VIRGIN BLACK - Elegant... and Dying (Massacre Records/M10) - 16/09/2003 @ 13h47
Surgis de nulle part avec leur premier album « Sombre Romantic », les Australiens de Virgin Black avaient alors posé une griffe affûtée sur les esprits esthètes en créant un style infiniment respectable entre black/doom à fleur de peau et orchestrations endeuillées de grande valeur. Ils étaient ainsi devenus un groupe à suivre, d’autant plus lorsqu’on eut appris que leur emblématique vocaliste, Rowan London, s’était engagé à perfectionner sa technique auprès d’un professeur spécialisé dans le chant opératique. Quelque part donc, et sans avoir écouté la moindre note de cet « Elegant… and Dying », je m’attendais presque à le voir débarquer en force dans mon top 5 de cete année déjà généreuse en albums gigantesques.

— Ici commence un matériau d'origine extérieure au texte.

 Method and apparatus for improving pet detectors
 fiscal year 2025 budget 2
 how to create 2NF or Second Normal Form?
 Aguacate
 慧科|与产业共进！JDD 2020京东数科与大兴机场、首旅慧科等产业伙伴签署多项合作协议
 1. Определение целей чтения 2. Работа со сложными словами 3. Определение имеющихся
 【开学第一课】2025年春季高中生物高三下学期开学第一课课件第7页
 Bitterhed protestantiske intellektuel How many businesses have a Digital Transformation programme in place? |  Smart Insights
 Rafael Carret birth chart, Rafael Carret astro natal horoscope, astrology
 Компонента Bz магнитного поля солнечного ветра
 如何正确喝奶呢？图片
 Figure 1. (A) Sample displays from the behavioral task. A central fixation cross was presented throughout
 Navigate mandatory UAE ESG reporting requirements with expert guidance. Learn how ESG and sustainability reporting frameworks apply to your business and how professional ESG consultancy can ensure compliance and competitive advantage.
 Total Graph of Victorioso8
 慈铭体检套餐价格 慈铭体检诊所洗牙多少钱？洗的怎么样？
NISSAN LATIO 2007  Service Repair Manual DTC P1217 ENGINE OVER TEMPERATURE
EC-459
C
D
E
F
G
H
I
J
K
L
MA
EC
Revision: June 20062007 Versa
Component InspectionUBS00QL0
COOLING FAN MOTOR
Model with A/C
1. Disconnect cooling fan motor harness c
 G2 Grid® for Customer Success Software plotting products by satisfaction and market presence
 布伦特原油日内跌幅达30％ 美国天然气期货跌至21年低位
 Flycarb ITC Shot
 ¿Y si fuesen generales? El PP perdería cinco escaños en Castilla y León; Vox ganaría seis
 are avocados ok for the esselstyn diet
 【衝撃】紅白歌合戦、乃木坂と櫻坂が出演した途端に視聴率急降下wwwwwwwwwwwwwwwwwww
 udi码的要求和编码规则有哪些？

L’album désormais en ma possession et digéré depuis une semaine, me voilà tout désappointé. D’autant plus perplexe qu’il ne manque pas grand chose pour que « Elegant… and Dying » soit un chef d’œuvre… juste un intérêt. Compte-rendu : Virgin Black ont choisi d’aplanir leur style de façon à obtenir une masse musicale homogène. Concrètement, les guitares metal ne sont plus aussi incisives, mais sont coulées au cœur d’une sorte de symphonie globale où tous les éléments résonnent au même étage, en osmose sonore. Jusque là, tout va bien. Piano et violoncelle se livrent à des passes d’armes saisissantes de pureté, et le délicat amalgame de la section metal et du synthé ne souffre d’aucune bavure. Samantha assume comme sur « Sombre Romantic » quantité de solos aussi sobres que magnifiques où la locution « faire pleurer sa guitare » prend toute sa signification.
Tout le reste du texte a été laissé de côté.